• _What to produce_
Retype every line from the start of the entries below down to the line with "Used 2025 Kia", both ends included; skip the pictures.

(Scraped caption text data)

--

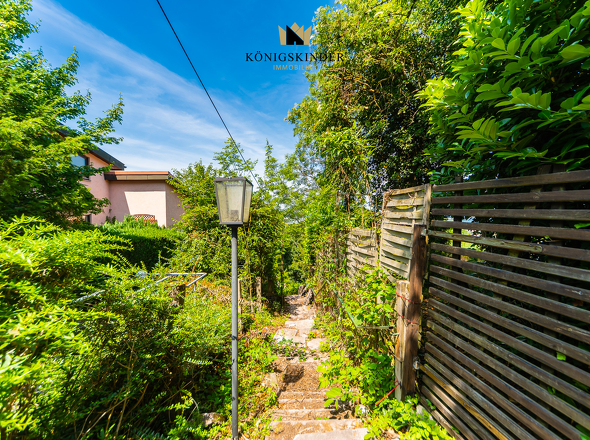 Treppenabgang zum Haus
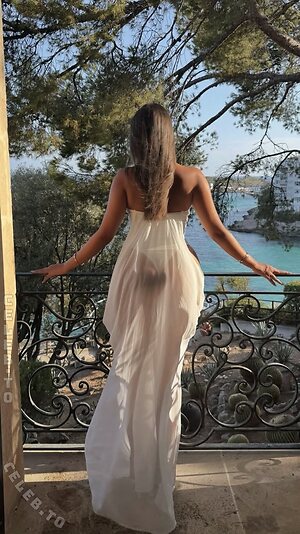 caro.lnw Nude Leaked Photo #14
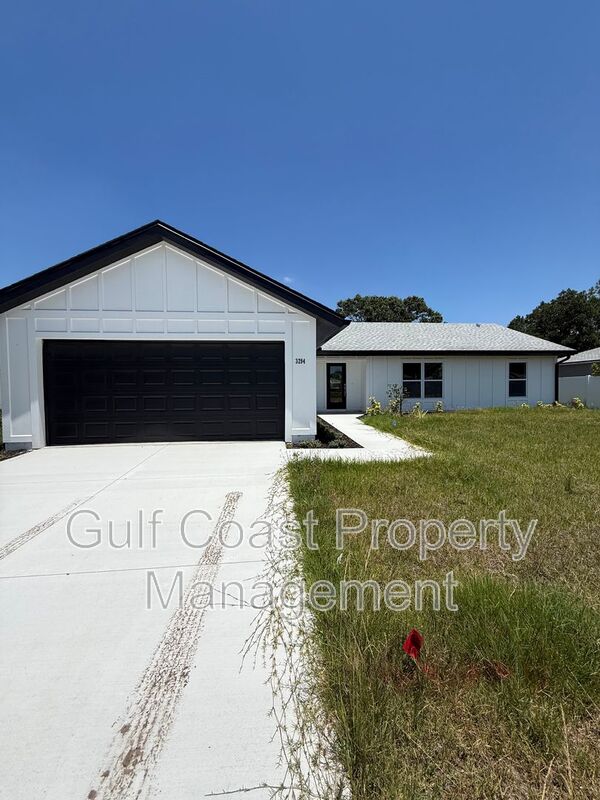 North Port House: 3294 West Price Blvd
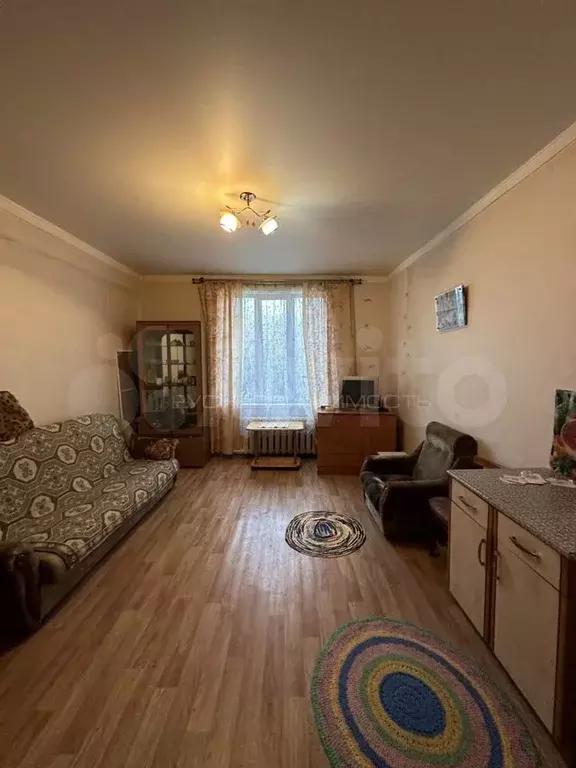 Комната 18 м в 3-к., 3/3 эт. - Фото 1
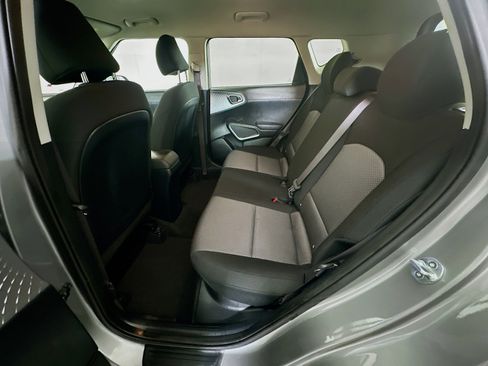 Used 2025 Kia Soul LX w/ LX Technology Package image 28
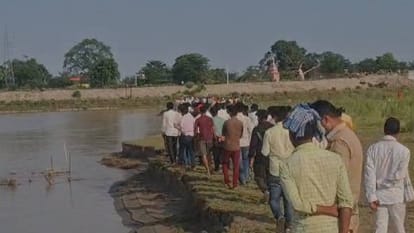 Shravasti: Five youths—including a young man—drown while bathing in a river; three bodies were swept away afte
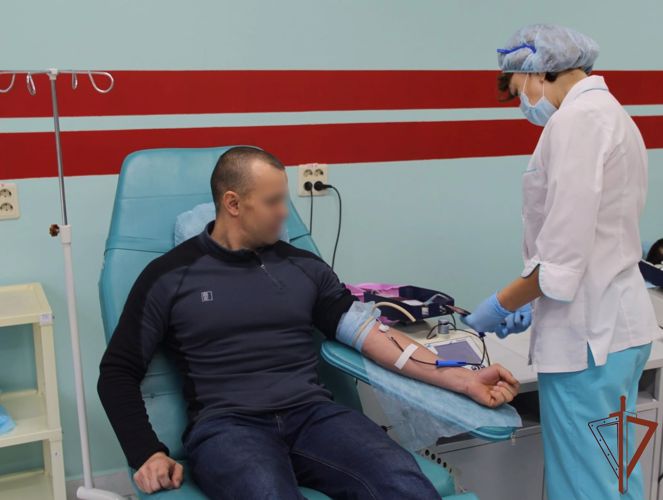 Росгвардейцы пополнили банк крови медучреждений Тюмени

--

• _Response below_
 Treppenabgang zum Haus
 caro.lnw Nude Leaked Photo #14
 North Port House: 3294 West Price Blvd
 Комната 18 м в 3-к., 3/3 эт. - Фото 1
 Used 2025 Kia Soul LX w/ LX Technology Package image 28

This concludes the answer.